Product Quantization (PQ) explained
Product quantization (PQ) compresses vectors by splitting each vector into several subvectors, then replacing each subvector with the index of its nearest centroid in a small, learned codebook. The full vector is represented by a short list of codes (one per subvector). At query time, distances are approximated using the same codebooks, often via precomputed distance tables, which makes PQ very fast and reduces memory compared to storing full-precision vectors.
Summary
- D split into m subvectors; each has codebook of k centroids (e.g. 256); stored as m codes (e.g. 8 bits each). Distance = sum of subvector-to-centroid distances via lookup tables. See how PQ compresses into codes.
- Often combined with IVF (IVFPQ); variants: OPQ, residual quantization.
- Pipeline: train codebooks per subspace → encode each vector as m codes → at query, build distance tables and sum over codes. No decode needed for distance.
- Trade-off: high compression and fast lookup-based distance vs. approximate; OPQ and RQ improve accuracy.

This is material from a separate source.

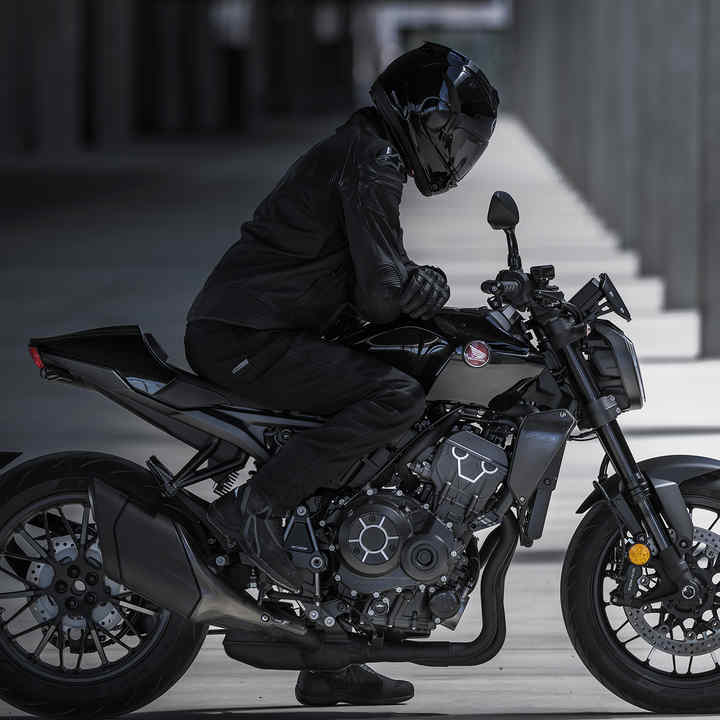 Honda CB1000R Black Edition, stehend, rechte Seite, mit Fahrer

Trade-off between compression ratio and accuracy and how quantization reduces memory footprint apply.
Mechanics
PQ divides the D-dimensional vector into m subvectors of dimension D/m. For each subspace, a small number k of centroids (e.g. 256) is learned—that’s the codebook for that subspace. Each subvector is then encoded as the index (code) of its nearest centroid (e.g. 8 bits per subvector). So a 128-D float vector might become 8 subvectors × 8 bits = 64 bits of codes, plus the codebooks. Distance between a query and a database vector is approximated by summing the distances between the query’s subvectors and the database vector’s code centroids, which can be done with lookup tables and is very efficient.
IVF + PQ
PQ is often combined with IVF (IVFPQ): IVF narrows the search to a few clusters, and PQ compresses the vectors stored in those clusters so that scanning them is fast and memory-efficient.
Practical tip: choose m and k (e.g. m=8, k=256) to balance compression and accuracy; how PQ compresses vectors into codes and the concept of codebooks in PQ give details. Optimized product quantization (OPQ) rotates the space before PQ for better recall; residual quantization (RQ) refines with multiple stages.

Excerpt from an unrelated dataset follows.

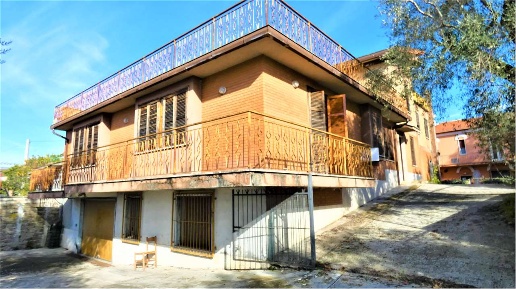 casa indipendente in vendita a Torrice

Frequently Asked Questions
How is PQ distance computed at query time?
For each subvector of the query, compute distance to all k centroids of that subspace; store in a table. For each database vector, sum the table entries for its m codes. No need to decode vectors.
What are typical m and k?
m = 8–32 subvectors; k = 256 (8 bits per code) is common. 128-d with m=8 → 8×8 = 64 bits per vector vs. 128×32 = 4096 bits float.
Does PQ work with cosine?
PQ approximates L2 well. For cosine, vectors are often normalized and PQ is applied; then distance tables are based on L2 on normalized subvectors (related to cosine).
When is PQ better than scalar quantization?
PQ gives higher compression (e.g. 8 bytes for 128-d) and very fast distance via lookup; SQ is simpler and per-dimension. PQ often better for very large scale and when memory is critical.